## Your assignment:
Retype the listing exactly; omit pictures.

## Collected material:
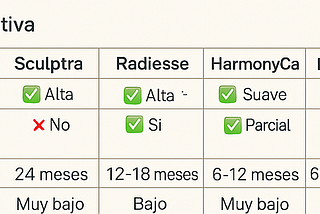 sculptra radiesse harmonyca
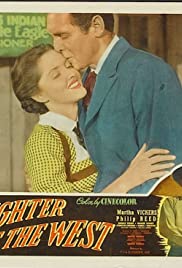 Daughter of the West (1949) cover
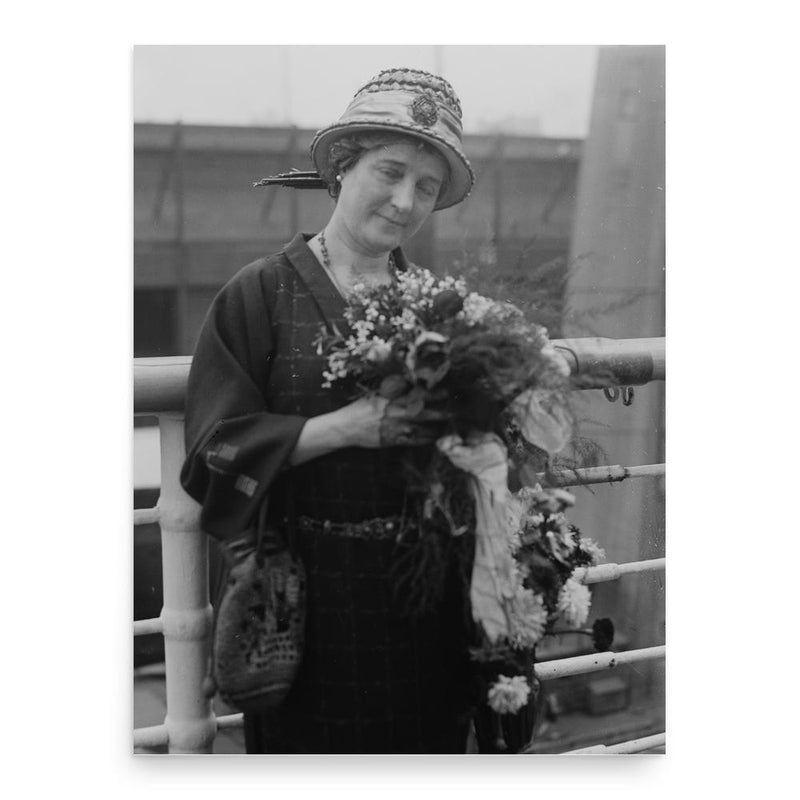 Emarel Freshel poster print, in size 18x24 inches.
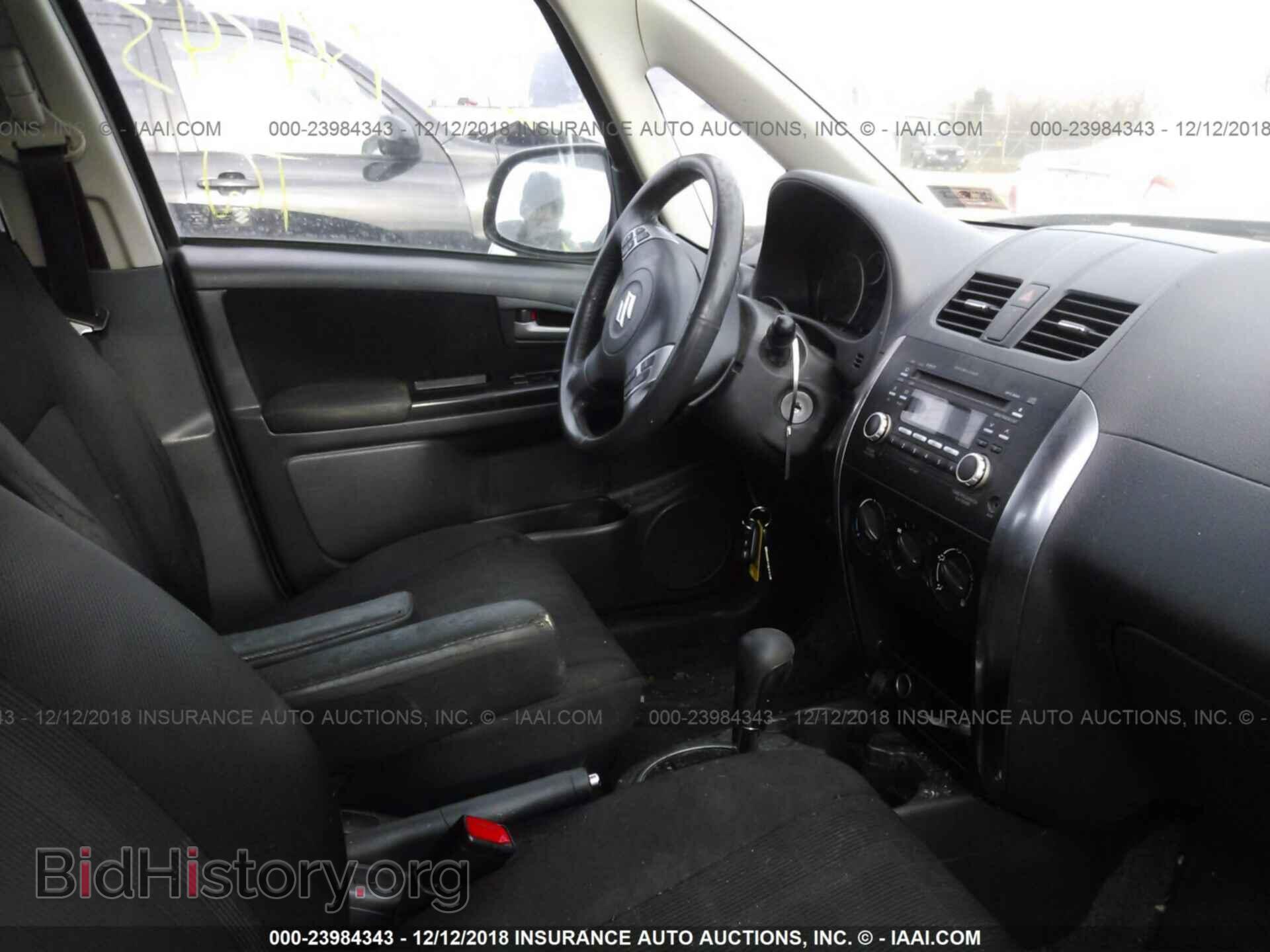 2011 SUZUKI SX4 - VIN: JS2YA5A59B6300648 - Photo 5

## Written answer:
 sculptra radiesse harmonyca
 Daughter of the West (1949) cover
 Emarel Freshel poster print, in size 18x24 inches.
 2011 SUZUKI SX4 - VIN: JS2YA5A59B6300648 - Photo 5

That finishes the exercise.